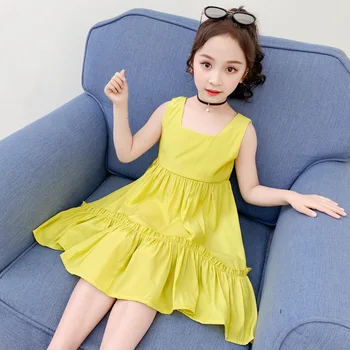 

Solid Cotton Children 2020 Summer Dresses Clothing Girls Sleeveless Squin Collar Dress Clothes Kids Ruffles Dresses Age 6 8 10Y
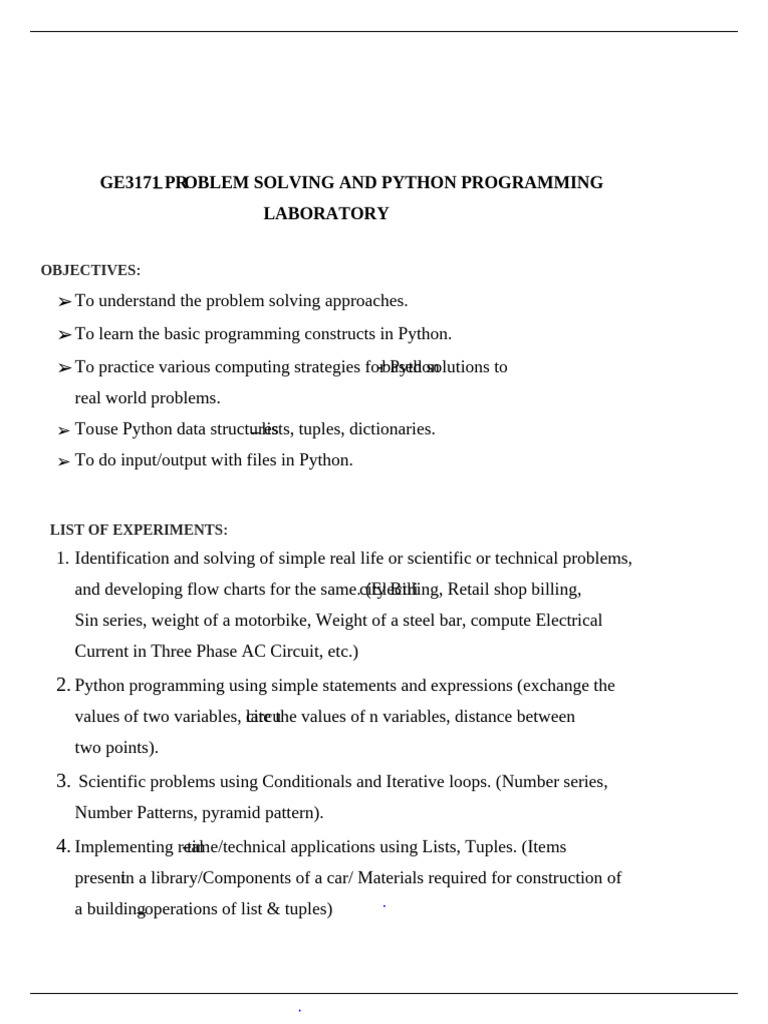 GE3171 - Python Lab Manual ORIGINAL | PDF | Area | Computer Programming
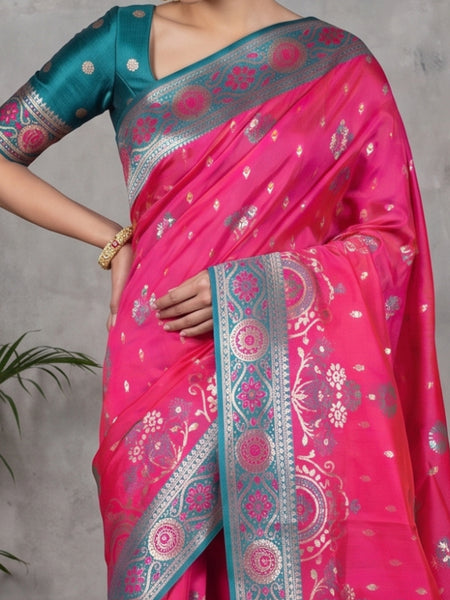 Vira Banarsi Silk Pink Saree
# # #
All of the data above must be printed exactly, minus its pictures.

Solid Cotton Children 2020 Summer Dresses Clothing Girls Sleeveless Squin Collar Dress Clothes Kids Ruffles Dresses Age 6 8 10Y
 GE3171 - Python Lab Manual ORIGINAL | PDF | Area | Computer Programming
 Vira Banarsi Silk Pink Saree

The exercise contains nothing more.